VOA appreciates donors, but representatives sometimes have to explain that items just can’t be resold, VOA administrative program manager Marti Scott said.
"We try to be quality conscious and selective to the point we make sure the items we pick up are good, usable items that do have a resale value," Scott said.
Just as at Goodwill, people will bring in bags and boxes of materials that have nice items on top, junk on the bottom.
"We’ve had literally kitchen garbage" at the bottom of some bags, she said.
Sometimes people send yard sale items that nobody wanted to the charitable organizations. But the odds are good that the charitable groups don’t want those items, either.

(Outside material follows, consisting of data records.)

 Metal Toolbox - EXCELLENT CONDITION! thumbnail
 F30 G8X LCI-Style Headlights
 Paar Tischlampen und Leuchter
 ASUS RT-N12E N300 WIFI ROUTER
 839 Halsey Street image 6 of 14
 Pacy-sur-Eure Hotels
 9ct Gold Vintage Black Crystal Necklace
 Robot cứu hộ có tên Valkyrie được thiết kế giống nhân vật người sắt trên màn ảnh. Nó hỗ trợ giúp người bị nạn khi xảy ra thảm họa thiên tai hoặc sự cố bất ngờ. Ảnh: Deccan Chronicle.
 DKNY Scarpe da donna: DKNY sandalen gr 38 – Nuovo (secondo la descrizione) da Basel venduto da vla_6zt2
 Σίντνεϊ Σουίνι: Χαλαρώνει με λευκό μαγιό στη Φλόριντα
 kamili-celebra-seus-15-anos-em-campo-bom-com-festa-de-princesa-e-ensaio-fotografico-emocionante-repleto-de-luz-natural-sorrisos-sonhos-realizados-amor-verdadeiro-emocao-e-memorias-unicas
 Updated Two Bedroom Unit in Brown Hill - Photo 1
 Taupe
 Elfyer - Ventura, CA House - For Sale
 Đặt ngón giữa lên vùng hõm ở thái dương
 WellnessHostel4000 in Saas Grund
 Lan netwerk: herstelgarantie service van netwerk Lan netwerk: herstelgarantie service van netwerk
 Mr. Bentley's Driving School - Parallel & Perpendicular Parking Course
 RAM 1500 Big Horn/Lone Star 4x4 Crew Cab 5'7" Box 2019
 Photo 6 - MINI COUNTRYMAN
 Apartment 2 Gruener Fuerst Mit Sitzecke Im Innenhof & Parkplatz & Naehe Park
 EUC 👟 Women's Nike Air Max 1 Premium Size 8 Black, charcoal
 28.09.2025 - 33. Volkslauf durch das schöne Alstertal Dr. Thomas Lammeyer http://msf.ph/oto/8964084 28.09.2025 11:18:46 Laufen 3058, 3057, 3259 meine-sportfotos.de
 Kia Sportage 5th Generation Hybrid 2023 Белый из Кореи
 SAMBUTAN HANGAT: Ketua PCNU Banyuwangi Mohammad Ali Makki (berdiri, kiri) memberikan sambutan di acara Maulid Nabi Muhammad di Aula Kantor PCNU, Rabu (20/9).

Besides accepting donations of usable items at its main downtown Everett station, the VOA has trucks in the community collecting at homes when people call. The organization uses the materials to give directly to the poor or to sell to raise money for a variety of social service programs.
The Salvation Army also is afflicted by the garbage bug.
"We do request that people drop off material that’s suitable," Capt. Randy Mulch said of the thrift stores in Lynnwood and Marysville, and the church on Rucker Avenue in Everett.
Although most of the material is suitable, Mulch still has to pay for disposing of a substantial amount, he said.
At the Goodwill store in north Marysville, the problem of garbage dumping is considerably less than it was at south Everett, production supervisor Robert Presler said. Still, people do drop off items that are broken or otherwise unusable. His monthly garbage bill ranges from $2,500 to $3,000.
Some of the cost is offset by recycling metals or cardboard, but it still detracts from the business of helping people, Presler said.
"It gets to you after a while," he said. "It’s amazing because (donors) know that it’s garbage."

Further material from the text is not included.